Even then I was still into it.
Until today. I had a teacher that was really feeling herself. Now, I LOVE when women are feeling themselves. I love it. I support it. I coach it. However, this was the type of feeling yourself that you’re so far in you lose your connection with other people (which unfortunately happens a lot in “spiritual” spaces but that’s another post). That kind of feeling yourself I am not okay with. Because today she forgot that she was working with and putting her hands on human beings’ bodies. Mine included.
I watched in class as she gave adjustments to practitioners near me. She stood behind one student in Warrior II with her body touching theirs and ran her hand underneath that students diaphragm, a place that often holds trauma. It was as though they were participating in some sort of tango but it was hard to say if both people were into it. “That’s intimate,” I thought. “They must be a long time student.” I thought I’d be safe.
But in my 3 legged downward dog she came and put her hand on my shoulder as a reminder to square them off. That’s a safe touch. Great. Then with little warning, she prompted me to extend my leg farther not with her words but with one long stroke on my inner thigh from my groin to my knee. I lost my breath. I lost my pose. I became disheveled in what was supposed to be my 75 minute escape for the day. And, in that moment, every time a boy touched my leg without consent and without desire came back to me.
I say this not as a rant or to shame but as a reminder that consent is important in all of our relationships. With our partners, with our friends, with the young people in our lives, with strangers, and with our yoga students.
Consent does not just show up with physical touch.

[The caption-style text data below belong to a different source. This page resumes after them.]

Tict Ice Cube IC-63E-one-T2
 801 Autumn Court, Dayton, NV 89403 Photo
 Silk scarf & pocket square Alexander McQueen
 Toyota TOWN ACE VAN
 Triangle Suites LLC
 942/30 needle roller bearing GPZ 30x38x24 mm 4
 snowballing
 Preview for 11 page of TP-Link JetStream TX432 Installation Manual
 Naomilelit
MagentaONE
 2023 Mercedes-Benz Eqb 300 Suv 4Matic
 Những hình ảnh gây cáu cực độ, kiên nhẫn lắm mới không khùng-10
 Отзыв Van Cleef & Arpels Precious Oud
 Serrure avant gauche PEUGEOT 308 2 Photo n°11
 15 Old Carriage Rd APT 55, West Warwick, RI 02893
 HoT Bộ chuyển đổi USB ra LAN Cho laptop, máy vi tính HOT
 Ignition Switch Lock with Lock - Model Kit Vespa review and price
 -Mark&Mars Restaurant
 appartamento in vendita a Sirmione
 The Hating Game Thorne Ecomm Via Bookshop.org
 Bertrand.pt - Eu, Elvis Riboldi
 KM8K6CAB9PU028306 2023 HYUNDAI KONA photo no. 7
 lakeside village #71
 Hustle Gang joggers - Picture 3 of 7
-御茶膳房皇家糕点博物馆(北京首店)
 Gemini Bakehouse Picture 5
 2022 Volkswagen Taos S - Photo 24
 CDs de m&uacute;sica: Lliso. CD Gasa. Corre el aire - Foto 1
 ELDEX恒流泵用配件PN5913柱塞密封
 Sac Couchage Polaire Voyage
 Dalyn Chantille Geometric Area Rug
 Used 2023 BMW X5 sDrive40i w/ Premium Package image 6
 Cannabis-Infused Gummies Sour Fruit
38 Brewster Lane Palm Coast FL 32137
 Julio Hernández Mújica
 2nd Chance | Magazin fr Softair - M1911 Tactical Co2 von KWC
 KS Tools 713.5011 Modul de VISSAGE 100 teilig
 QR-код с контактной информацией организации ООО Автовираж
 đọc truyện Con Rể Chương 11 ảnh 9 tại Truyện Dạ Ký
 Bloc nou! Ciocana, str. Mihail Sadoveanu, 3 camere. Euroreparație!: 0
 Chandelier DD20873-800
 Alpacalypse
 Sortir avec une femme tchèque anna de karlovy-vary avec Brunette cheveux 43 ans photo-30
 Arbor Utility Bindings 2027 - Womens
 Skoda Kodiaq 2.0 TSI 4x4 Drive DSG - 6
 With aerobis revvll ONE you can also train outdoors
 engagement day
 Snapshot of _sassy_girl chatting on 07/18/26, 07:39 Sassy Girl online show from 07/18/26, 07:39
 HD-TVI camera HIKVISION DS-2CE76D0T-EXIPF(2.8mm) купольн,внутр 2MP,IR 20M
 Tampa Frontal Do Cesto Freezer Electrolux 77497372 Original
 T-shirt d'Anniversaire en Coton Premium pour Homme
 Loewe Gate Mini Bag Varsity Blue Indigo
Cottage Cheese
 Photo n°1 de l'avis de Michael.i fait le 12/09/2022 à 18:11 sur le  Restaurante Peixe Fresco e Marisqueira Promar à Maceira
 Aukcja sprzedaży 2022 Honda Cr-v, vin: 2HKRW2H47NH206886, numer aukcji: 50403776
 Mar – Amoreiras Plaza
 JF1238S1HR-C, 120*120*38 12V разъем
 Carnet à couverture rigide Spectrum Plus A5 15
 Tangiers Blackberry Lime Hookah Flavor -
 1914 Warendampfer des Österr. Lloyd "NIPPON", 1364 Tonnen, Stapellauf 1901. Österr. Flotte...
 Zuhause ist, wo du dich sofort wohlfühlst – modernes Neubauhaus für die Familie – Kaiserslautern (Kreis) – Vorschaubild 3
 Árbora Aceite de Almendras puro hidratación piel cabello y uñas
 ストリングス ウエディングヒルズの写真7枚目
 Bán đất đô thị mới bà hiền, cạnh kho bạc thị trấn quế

Think about the times when your loved one gave you advice when all you wanted was for them to acknowledge that your situation is crappy (or vice versa). This is really easy to do and also causes a lot of miscommunications and frustrations in relationships. Think about when you tried to pet someone’s dog without asking and the dog barks and snaps- whose fault is that? Have you every watched someone try to hug a child when they didn’t want to be hugged?
It is so easy to slip into our daily routine and forget that we are encountering living beings. We forget to be thoughtful. In a world where people are often made to feel powerless, considering consent in your daily interactions is one way to restore some balance.